Vous n’aviez pas publié de roman depuis Kidnapping en 2016. Pourquoi vous êtes-vous éloigné de la fiction ?
Je viens de passer presque dix ans à écrire des essais, mais je ne vois pas véritablement de rupture fondamentale entre mon œuvre philosophique et mon œuvre romanesque. Mes essais comportent toujours des récits, des voyages, des reportages, des expériences sur moi-même. Ce ne sont jamais des textes théoriques purs. J’essaie aussi de travailler mon écriture, un style, une forme d’humour.
À l’inverse, dans mes fictions, j’essaie de dérouler des idées en toile de fond. Jusqu’à Sartre, personne ne s’offensait que le même écrivain fasse des nouvelles, des pièces de théâtre, des livres métaphysiques, des autobiographies et des essais. Tout cela représente l’écriture, c’est le développement d’une même personnalité. Une fois que j’ai dit ça, il est vrai qu’en refermant cette parenthèse de débat public, j’ai naturellement retrouvé un chemin plus créatif, comme si l’esprit était libéré de beaucoup de contraintes.
Le succès de Humus vous a-t-il surpris ?
C’est mon quinzième livre et, croyez-moi, j’en ai connu des fours ! Je ne boude pas mon plaisir. Le succès d’un livre est tellement hasardeux, on ne sait jamais à quoi s’attendre. Comme dit Épictète : « Comporte-toi dans la vie comme dans un banquet. » Quand le plat ne passe pas, ne sois pas déçu, quand il est là, mange-le à pleines dents. Ça se traduit par des centaines de rencontres avec les lecteurs que je poursuis avec obstination jusqu’à Noël. Je suis en déplacement presque tous les jours, ça me fait très plaisir !

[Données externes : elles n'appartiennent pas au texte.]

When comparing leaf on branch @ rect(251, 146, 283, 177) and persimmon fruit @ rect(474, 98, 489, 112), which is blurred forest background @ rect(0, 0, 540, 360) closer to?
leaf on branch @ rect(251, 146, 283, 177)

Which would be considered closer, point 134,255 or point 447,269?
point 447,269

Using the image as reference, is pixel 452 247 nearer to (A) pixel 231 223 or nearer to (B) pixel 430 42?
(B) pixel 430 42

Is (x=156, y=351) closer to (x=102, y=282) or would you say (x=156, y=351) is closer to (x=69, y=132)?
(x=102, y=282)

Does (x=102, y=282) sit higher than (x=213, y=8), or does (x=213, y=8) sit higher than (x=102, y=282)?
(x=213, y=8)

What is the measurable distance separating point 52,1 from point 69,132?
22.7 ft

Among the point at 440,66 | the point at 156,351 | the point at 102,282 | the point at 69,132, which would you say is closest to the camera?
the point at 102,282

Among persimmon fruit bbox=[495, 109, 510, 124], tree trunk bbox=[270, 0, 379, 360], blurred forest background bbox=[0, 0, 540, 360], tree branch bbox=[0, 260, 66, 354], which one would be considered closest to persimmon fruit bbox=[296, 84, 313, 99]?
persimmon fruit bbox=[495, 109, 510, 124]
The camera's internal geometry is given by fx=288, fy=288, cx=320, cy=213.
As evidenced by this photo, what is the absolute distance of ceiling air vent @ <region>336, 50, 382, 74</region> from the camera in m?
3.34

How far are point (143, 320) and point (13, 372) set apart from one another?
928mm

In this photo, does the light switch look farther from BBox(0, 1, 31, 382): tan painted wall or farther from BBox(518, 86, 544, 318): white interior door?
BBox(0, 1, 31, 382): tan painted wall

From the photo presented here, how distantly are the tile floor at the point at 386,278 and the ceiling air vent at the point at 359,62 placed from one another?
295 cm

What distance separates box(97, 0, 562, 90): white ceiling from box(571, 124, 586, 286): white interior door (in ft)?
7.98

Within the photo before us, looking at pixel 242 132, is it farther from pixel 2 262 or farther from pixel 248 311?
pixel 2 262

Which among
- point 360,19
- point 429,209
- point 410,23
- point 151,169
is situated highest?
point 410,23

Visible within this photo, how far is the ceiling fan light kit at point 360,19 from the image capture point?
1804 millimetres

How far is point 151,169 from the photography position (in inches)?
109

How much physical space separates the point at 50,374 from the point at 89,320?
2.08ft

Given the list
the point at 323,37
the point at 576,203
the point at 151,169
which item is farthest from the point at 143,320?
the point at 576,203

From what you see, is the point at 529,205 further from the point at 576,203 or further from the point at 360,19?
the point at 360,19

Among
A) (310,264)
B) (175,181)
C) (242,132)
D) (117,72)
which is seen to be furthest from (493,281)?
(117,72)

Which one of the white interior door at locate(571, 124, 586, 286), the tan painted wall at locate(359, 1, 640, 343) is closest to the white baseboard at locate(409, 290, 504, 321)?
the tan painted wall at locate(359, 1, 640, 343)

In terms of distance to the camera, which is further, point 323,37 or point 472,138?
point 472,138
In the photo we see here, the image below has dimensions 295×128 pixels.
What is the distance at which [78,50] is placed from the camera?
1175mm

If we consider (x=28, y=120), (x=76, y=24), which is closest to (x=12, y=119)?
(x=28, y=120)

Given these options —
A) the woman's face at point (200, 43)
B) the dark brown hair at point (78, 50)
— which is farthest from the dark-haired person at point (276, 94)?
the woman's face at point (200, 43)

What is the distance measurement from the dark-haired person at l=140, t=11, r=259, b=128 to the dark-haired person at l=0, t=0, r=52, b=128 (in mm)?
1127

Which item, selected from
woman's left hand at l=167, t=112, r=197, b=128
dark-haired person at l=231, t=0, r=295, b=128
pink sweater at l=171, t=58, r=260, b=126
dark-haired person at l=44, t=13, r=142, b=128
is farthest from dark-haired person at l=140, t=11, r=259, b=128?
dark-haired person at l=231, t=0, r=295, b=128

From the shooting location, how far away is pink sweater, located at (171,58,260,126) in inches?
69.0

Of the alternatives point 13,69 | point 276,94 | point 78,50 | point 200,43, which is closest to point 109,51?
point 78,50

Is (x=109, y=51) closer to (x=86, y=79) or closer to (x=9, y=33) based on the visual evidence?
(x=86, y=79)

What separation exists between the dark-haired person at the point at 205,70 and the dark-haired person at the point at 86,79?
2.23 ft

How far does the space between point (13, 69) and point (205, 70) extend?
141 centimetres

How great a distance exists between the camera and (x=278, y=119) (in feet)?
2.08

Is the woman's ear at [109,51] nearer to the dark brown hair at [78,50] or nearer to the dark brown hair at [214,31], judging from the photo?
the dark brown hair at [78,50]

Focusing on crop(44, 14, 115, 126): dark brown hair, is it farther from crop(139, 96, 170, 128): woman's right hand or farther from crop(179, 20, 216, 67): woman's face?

Est-ce que le fait d’être finaliste malheureux du Goncourt et du Renaudot est une déception ?
J’étais plutôt philosophe vis-à-vis de cela. Le jour de l’annonce, je n’étais pas rivé à mon téléphone ni désintégré après le verdict [rires]. Surtout, j’ai eu énormément de plaisir à recevoir le Giono, parce que c’est un auteur qui m’est très cher, qui, par certains aspects, est une véritable influence pour le livre. J’ai aussi conclu la saison des prix en beauté avec l’Interallié. Je ne repars pas bredouille de la course aux honneurs !
Vous avez abordé beaucoup de sujets dans vos différentes œuvres philosophiques, mais jamais l’écologie. Comment la prise de conscience a-t-elle eu lieu ?
Mon voyage à cheval y est pour beaucoup. Non pas parce qu’il m’a fait voir la nature, mais plutôt parce qu’il m’a transformé à titre personnel, il m’a fait vivre différemment. Naturellement, je me suis tourné vers la question écologique. J’y suis arrivé un peu sur le tard. Ça ne remet pas en cause ce que j’ai fait avant, mais ça lui ajoute une couche beaucoup plus fondamentale.
« Il y a même aujourd’hui une forme de répulsion, un rejet d’une écologie qui s’est banalisée, s’affiche partout, tout le temps, sans pour autant être prise à bras le corps par les autorités publiques. »
Gaspard Koenig
C’est bien gentil de réfléchir à la façon dont les humains s’organisent entre eux, mais ils ne vivent pas dans un univers abstrait, ils vivent dans un environnement. Une fois que l’on pense ça, on se dit qu’on arrive au cœur du sujet et ça change beaucoup de choses.
Pourquoi traiter de la question écologique à travers un roman plutôt qu’un essai philosophique ?
Mes personnages peuvent aller jusqu’au bout, tandis que moi je suis pétri de doutes et d’hésitations. Je peux forcer le trait, aller plus loin, notamment quand j’aborde le sujet de la radicalisation écologique. Dans le roman, je n’ai pas besoin de trancher entre les deux camps. Il n’y a pas de thèse à soutenir.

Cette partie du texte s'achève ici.